Мне вменили в обязанность соблюдать осторожность. Я не знаю, до каких пределов ее распространять. Ощущение присутствия сердца внутри почти никогда не прекращается, в самых разнообразных формах, которые неудобны только тем, что я не понимаю, опасны или неопасны эти сигналы.
Этот вынужденно-бездеятельный, выжидательный способ существования (говорят, полгода или год надо считать себя больным) очень сходится с прежним вынужденным бездействием по причине избытка сил и здоровья и им подготовлен.
В первые минуты опасности в больнице я готов был к мысли о смерти со спокойствием или почти с чувством блаженства. Я сознавал, что оставлю семью на первое время не в беспомощности и что у них будут друзья. Я оглядывал свою жизнь и не находил в ней ничего случайного, но одну внутреннюю закономерность, готовую повториться.

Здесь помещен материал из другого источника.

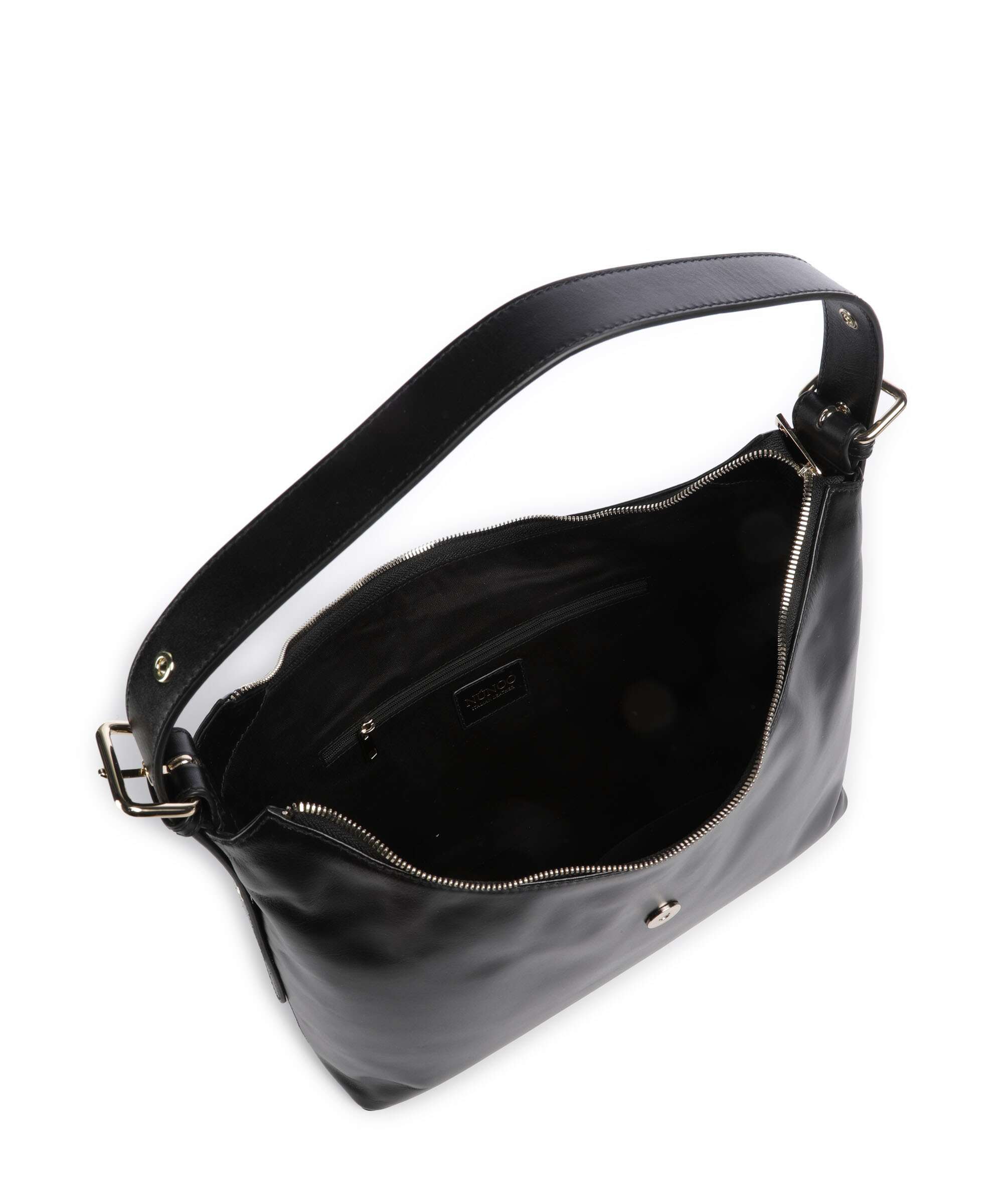 Núnoo Italian Leather Rio Buckle Hobo bag black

Сила этой закономерности сказывалась и в настроениях этих мгновений. Я радовался, что при помещении в больницу попал в общую смертную кашу переполненного тяжелыми больными больничного коридора, ночью, и благодарил бога за то, что у него так подобрано соседство города за окном и света, и тени, и жизни, и смерти, и за то, что он сделал меня художником, чтобы любить все его формы и плакать над ними от торжества и ликования.
Крепко целую тебя. Твой
Кланяйся Эйхенбауму, если он помнит меня и если ты его увидишь. Удивительное дело. За 10 минут до случившегося инфаркта я шел по Бронной и на противоположном тротуаре увидел шедшего навстречу Эйхенбаума или человека, очень похожего на него. Если бы это был Борис Михайлович, он как-нибудь отозвался бы на этот пристальный взгляд. Я смутно вспомнил, что он очень был болен, подумал, как ничего никогда нельзя знать наперед, а через 10 минут…
Целую тебя.
Фрейденберг – Пастернаку
Я шла домой по морозной улице и в миллионный раз пересматривала свою жизнь, – как часто делаю за последнее время. Думала о тебе. И еще с этой о тебе думой увидела в дверном ящике твое письмо.
Слава богу, что уже опять вижу твой почерк, слышу тебя.